A single light illuminated the silk festooned table in the otherwise dim room. The man and woman huddled close, leaning into the light as if afraid of the surrounding darkness. The room was silent and the air smelled of sage and sandalwood.
Madam Valarka paused, smiling at her clients, trying to put them at ease. Her heavy makeup, hoop earrings, jangling bracelets, and silks covering her slim body added to the mystical atmosphere. Valarka was a gypsy, and even though they sat in a small room above a bookstore in Sedona, Arizona, this was her domain.
A photograph of a smiling young man with unruly brown hair sat upside down to her left and in front of her was the portrait she was creating. Valarka always worked upside down. That way her clients could see their loved one clearly, but mostly because that was the way her grandmother taught her.
“It draws on a different part of the brain,” the older woman had said. “I know it feels strange to do it this way, but it works.”
She hadn’t believed her grandmother, of course, and had tried drawing from a right-side-up portrait, but only once. That was all it took.
Valarka searched through her pastels finding the three shades of brown she needed for the hair. The silence wasn’t good, so as she outlined and started filling in the hair, she asked, “Tell me more about Cole, what kind of child was he?”
“Oh…” the woman began, her shaking hand brushing at her hair. “He was such a boy. When he was just a toddler he would love to go outside and play in the dirt.”
“And eat bugs,” the man added with a thin chuckle. “That boy loved to eat bugs, he’d stick anything into his mouth.”
They continued on, with occasional prompting, telling little stories and anecdotes about their son. Inevitably, each story would lead them back to the motorcycle accident and his death.
Each time she would prompt them again, taking them back to birthdays and vacations and other fond memories.
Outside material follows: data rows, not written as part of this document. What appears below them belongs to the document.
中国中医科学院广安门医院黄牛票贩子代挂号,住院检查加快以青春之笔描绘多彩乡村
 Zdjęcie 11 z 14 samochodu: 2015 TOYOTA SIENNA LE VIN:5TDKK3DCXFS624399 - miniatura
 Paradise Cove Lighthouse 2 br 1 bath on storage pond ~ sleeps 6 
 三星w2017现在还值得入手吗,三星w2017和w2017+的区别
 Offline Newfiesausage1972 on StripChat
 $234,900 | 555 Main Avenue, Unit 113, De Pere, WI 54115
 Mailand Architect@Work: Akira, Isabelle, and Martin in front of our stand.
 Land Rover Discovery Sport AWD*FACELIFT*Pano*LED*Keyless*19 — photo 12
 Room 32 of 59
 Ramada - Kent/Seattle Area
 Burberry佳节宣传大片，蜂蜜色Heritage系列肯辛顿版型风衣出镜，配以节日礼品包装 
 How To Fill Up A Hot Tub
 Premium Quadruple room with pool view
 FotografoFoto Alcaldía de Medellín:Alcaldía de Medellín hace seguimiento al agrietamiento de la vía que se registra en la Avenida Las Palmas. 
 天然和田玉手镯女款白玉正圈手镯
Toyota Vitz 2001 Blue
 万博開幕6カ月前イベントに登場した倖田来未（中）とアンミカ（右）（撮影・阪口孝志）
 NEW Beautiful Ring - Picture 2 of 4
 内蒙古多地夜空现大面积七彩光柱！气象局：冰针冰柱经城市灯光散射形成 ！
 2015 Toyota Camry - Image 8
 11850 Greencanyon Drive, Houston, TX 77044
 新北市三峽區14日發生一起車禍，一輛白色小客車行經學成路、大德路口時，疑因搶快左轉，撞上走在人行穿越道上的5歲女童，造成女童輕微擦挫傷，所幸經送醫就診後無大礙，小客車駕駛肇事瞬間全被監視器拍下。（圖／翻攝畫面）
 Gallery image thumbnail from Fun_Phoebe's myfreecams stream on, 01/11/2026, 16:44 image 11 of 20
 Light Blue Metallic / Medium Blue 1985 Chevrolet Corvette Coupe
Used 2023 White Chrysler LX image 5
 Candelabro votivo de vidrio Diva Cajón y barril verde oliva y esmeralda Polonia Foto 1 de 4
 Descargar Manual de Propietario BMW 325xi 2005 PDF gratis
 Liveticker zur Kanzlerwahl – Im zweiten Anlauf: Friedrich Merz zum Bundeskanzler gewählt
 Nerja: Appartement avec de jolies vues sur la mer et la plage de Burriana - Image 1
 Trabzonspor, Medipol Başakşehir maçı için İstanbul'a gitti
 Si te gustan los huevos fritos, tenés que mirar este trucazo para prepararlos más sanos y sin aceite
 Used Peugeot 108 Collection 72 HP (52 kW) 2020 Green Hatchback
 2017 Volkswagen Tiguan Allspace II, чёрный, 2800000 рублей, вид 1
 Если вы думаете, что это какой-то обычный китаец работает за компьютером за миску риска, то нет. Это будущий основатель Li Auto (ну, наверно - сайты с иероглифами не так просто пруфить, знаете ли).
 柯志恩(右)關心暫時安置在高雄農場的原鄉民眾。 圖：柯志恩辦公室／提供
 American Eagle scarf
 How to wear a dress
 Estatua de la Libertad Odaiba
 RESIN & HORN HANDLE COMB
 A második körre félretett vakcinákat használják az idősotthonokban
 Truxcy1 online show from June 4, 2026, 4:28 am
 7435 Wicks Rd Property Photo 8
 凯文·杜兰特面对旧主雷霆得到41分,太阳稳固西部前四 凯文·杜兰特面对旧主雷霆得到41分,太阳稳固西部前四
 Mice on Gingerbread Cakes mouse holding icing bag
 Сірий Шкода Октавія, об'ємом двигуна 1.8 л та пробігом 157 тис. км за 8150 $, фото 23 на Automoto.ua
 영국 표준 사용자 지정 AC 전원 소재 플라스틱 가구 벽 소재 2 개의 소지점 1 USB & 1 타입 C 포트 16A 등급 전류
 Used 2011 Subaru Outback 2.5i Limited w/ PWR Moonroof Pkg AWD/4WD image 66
Madam Valarka took these in as she worked the pastels, blending with her fingers, bringing the portrait to life. She moved from the hair, to the nose, to the lips, and finally back to the eyes.
She spent a lot of time on the eyes. They had to be perfect. They were brown, like his hair, soulful and expressive. She worked hard, giving them depth and feeling, framing them with their heavy lids and long lashes.
The man and woman stopped talking, but she didn’t prompt them to start again. She was almost done. She let her fingers guide her, choosing black, and began working it in around the face, filling in the blank portions of the paper. When she had first started drawing the dead she would have been scared by the choice. Black was often not good a sign. But, she had learned to trust. She had to trust.
“Okay,” she said, putting her pastels away. “I think we are ready to try this.”
“If… if it works. How much time will we get?” the woman asked.
“Just a few minutes,” Valarka answered with a smile. “Just a few.”
“That…” the woman said, tears forming, “that would be wonderful.”
“Okay, I need each of you to place the fingers of your left hand on the bottom of the portrait, and I will do the same on the top. Only those touching the portrait will be able to see what happens.”
Madam Valarka placed her hand so that her index finger touched the top of the young man’s head.
“Now,” she continued, “I want you to take a deep breath and see Cole on this page. See him alive and well and healthy.”
She looked at them and saw they were holding their breaths. “Breathe, deeply,” she continued. “See your son as smiling and happy, and alive.” She led them, breathing deeply in and out, focusing her gaze on the portrait, feeling the energy build, feeling the portrait grow warm under her fingers.
When the moment was right, she leaned down and gently exhaled onto the drawing of Cole.
At first nothing changed, but slowly the picture began to look more three dimensional as the eyes came alive. The woman gasped and the man said, “Oh my God!” as the drawing began to move.
Fully alive on the paper, Cole’s mouth opened and he said, “Mom? Dad?”